Artemisia Gentileschi (1593 – vers 1656) est mise en lumière au sein de l’exposition « Artemisia – Héroïne de l’art » au Musée Jacquemart-André à Paris. L’exposition, du 19 mars 2025 au 3 août 2025, présente près de 40 tableaux, dont de très grands formats. C’est l’occasion de se pencher sur cette figure majeure de la peinture.
Une artiste du XVIIe siècle en Italie
Au XVIIe siècle, le baroque italien s’épanouit, marqué par un réalisme saisissant, loin de l’idéalisation de la Renaissance. L’usage intensif du clair-obscur, technique de contraste entre ombre et lumière, contribue à créer une intensité dramatique.
Une peintre formée dans un cadre familial artistique à Rome
Née à Rome en 1593, Artemisia Gentileschi grandit dans l’atelier de son père, Orazio Gentileschi, peintre reconnu et proche de Caravage.
Formée par son père, Artemisia s’exerce en copiant ses tableaux et des gravures célèbres de l’époque. Rapidement, elle fait preuve d’un talent exceptionnel pour la peinture. A seulement 17 ans, elle peint Suzanne et les vieillards, une huile sur toile de grande dimension, aussi audacieuse que maîtrisée.

En 1611, la vie d’Artemisia bascule : elle est victime de viol par Agostino Tassi, un peintre proche de son père et collaborateur fréquent dans leur atelier. L’affaire donne lieu à un procès retentissant. Tassi fait appel à de faux témoins, accusant Artemisia de réputation douteuse. Calomniée, elle subit des interrogatoires humiliants, allant jusqu’à des tortures destinées à « prouver » sa sincérité. Tassi sera reconnu coupable.
Ce traumatisme laisse vraisemblablement une empreinte profonde dans son art.

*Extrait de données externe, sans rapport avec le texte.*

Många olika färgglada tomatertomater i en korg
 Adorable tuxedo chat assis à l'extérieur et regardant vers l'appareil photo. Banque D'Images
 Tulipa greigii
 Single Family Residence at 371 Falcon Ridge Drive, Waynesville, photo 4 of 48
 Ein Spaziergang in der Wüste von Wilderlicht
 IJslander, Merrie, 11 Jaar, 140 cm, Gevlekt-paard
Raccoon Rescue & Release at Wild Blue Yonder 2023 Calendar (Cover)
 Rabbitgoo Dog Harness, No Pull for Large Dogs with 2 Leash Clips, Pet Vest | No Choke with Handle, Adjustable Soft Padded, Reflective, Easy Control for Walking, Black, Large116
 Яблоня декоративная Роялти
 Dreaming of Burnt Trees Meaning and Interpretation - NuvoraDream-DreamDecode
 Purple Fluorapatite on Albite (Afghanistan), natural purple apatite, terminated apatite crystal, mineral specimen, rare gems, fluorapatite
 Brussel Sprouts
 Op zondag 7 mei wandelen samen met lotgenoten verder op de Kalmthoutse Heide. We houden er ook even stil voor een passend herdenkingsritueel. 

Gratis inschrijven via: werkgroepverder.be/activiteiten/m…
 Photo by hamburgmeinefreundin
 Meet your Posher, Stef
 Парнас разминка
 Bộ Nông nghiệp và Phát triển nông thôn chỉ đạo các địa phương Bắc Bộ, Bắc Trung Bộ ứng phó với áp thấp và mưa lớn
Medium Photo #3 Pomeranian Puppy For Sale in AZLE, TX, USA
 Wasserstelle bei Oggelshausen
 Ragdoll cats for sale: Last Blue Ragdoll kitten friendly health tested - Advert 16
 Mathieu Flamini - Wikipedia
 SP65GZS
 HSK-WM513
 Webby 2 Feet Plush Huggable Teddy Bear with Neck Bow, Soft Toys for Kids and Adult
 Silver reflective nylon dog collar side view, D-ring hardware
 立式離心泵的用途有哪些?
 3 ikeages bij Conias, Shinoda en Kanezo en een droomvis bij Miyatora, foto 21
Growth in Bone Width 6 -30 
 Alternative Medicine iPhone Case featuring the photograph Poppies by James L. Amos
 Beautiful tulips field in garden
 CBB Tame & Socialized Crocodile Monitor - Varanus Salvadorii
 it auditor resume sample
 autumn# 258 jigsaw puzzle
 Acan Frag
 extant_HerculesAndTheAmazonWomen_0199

On retrouve dans ses œuvres une intensité émotionnelle souvent portée par des figures féminines fortes, affrontant ou triomphant d’une brutalité masculine.
L’itinéraire d’Artemisia Gentileschi : l’essor d’une artiste accomplie
Après le tumulte du procès, Artemisia quitte Rome et s’installe à Florence en 1612, à la cour des Médicis, l’une des plus influentes d’Europe.
Artemisia est l’une des premières femmes admises à l’Académie du dessin de Florence en 1616, en qualité de membre de la guilde des peintres. Cela lui permet d’exercer son métier, soutenue par des mécènes et commanditaires. Preuve de cette reconnaissance, les Médicis lui offrent le précieux bleu outremer pour ses toiles.
Parmi les commandes prestigieuses qu’elle reçoit à Florence, Artemisia Gentileschi réalise entre 1615 et 1616 L’Allégorie de l’Inclination. Cette peinture orne toujours le plafond de la Casa Buonarroti.
« L’inclination », c’est la disposition naturelle à créer. Cette figure allégorique, baignée de lumière, incarne la créativité artistique. Dans cette représentation, Artemisia superpose ses propres traits sur un corps entièrement nu dans sa version originale. Plus tard, cette nudité sera couverte par un ajout de drapés.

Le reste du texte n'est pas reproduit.